Schools reported for hack attacks and data breaches avoid ICO punishment

Schools reported for hack attacks and data breaches avoid ICO punishment

Dozens of schools that breached data protection rules have walked away without punishment, despite being reported to the information watchdog.

New figures obtained exclusively by Schools Week show that during the past school year the Information Commissioner’s Office (ICO) dealt with 66 reports of breaches by schools of the Data Protection Act 1998.

Almost half the reports related to information accidentally revealed, with five of the cases occurring at special schools. Twenty-four related to the loss or theft of data.

Seven breaches came as a result of cyber attacks or IT failures, and three were down to unauthorised access of information or incorrect permissions.

But not a single school faced enforcement action from the ICO, although schools must protect information held about staff, pupils, parents, governors and contractors.
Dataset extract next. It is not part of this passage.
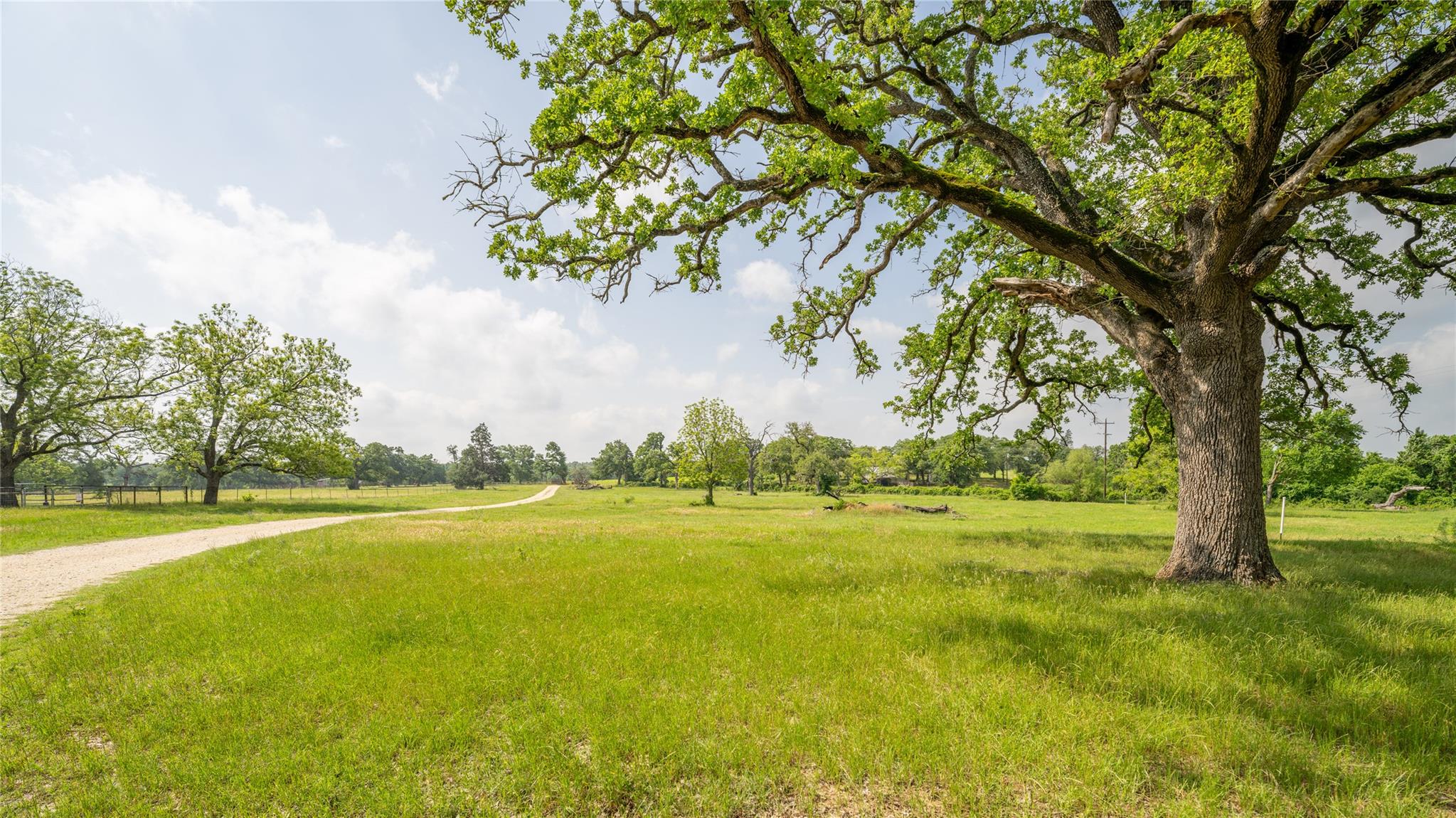 624 County Road 306, Rockdale, TX 76567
However, this term Schools Week found personal pupil data published on the website of a prominent independent school.

An exam timetable, openly published and searchable via Google, named pupils, their exam entries, plus any identified special needs and accessibility arrangements.

In its advice to schools, the ICO states that security breaches must be dealt with “effectively”, regardless of whether they are a result of “theft, a deliberate attack on your systems, from the unauthorised use of personal data by a member of staff, or from accidental loss or equipment failure”.

The advice goes on to say: “However the breach occurs, you must respond to and manage the incident appropriately.”

The school, which is not being named to protect the data from further circulation, removed the documents from its website after being informed of the breach by Schools Week, but further checks have revealed that some is still available in Google search results.

The potential breach has been reported to the ICO and Google. The school did not reply to phone calls or email requests for comment.

It is not alone in leaking personal data about pupils. At the end of November, Greenland Primary School in east London accidentally revealed the name of seven pupils aged between nine and 11 believed to be at risk of radicalisation.